Halaman

Minggu, 11 Maret 2018

Tersandung Kasus Sanjung



Tersandung Kasus Sanjung

Masihkah ingat kawan akan trilogi evolusi mukiyo, sengit ndulit vs gething nyanding vs poyok mondok. Berkembang atau bertambah dengan ngenyèk ngamèk.  Agaknya, justru yang berkembang dan banyak pemakainya maupun pemakaiannya adalah langgam tulung  menthung.

Hasil kajian akademis tentang semua fakta dan realita di atas, artinya modus tulung  menthung, malah menjadi lagu wajib antar penyelenggara negara. Bukan sebagai hal yang aib, tabu atau melanggar norma.

Hasil dari survei tanpa survei, survei berbayar, survei dengan metoda hitung mundur  malah memperkuat sinyalemen bahwa semua itu merupakan efek domino. Modal dasar, saham utama, andil andalan cuma ketidaksiapan menjadi juara umum laga kandang pesta demokrasi 2014. Kehidupan berbangsa dan bernegara disibuki oleh sikap saling tenggang rasa, toleransi, éwuh pakéwuh.

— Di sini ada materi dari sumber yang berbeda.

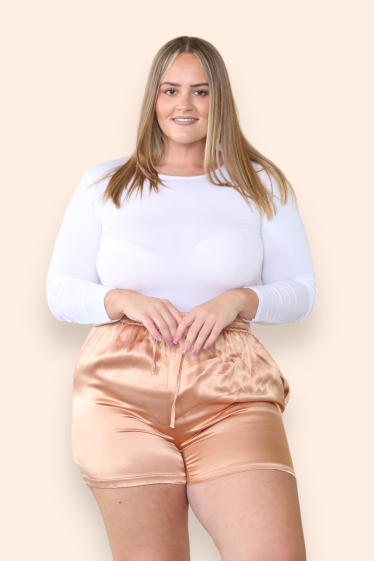 Mayorista ARLEQUINN - Pantalones cortos casuales de satén de talla grande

Tak terkait, terikat dengan adab tepo sliro. Condong ke semangat sendiko dawuh. Hati nurani diminimkan. Rasa keagamaan, keberagamaan diminimalisir untuk menjaga suasana kebatinan antar pelaku.

Rasanya semua bahasan di atas salah berat. Kejadian sesungguhnya belum dapat disimpulkan. Karena masih proses dan segala kemungkinan bisa terjadi. Tidak ada kecenderungan untuk berakhir sebelum babak akhir.

Tidak sekedar gali lubang urug lubang. Politik tambal sulam atasi kebocoran uang negara menjadikan utang luar negeri semakin mencekik leher generasi pewaris masa depan. Semua cadangan kandungan deposit ideologi Indonesia seolah tak akan habis, walau diserap dan diperas, dikuras dengan rakus oleh ratusan partai politik.

Jargon politik yang sarat dengan makna/simbol nasionalisme, heroik, pancasilais, Indonesia banget bisa membuat gentar hati musuh. Membuat keder lawan, seteru atau pihak yang menganggap enteng, ringan Indonesia. Dipandang sebelah mata akibat hanya bisa mendayagunakan kandungan ideologi lokal dan/atau nasional. Pertambahan alami, peremajaan alami, proses daur ulang akibat dikurasnya sumber daya ideologi, walau dilakukan tiap hari,  malah semakin melimpah.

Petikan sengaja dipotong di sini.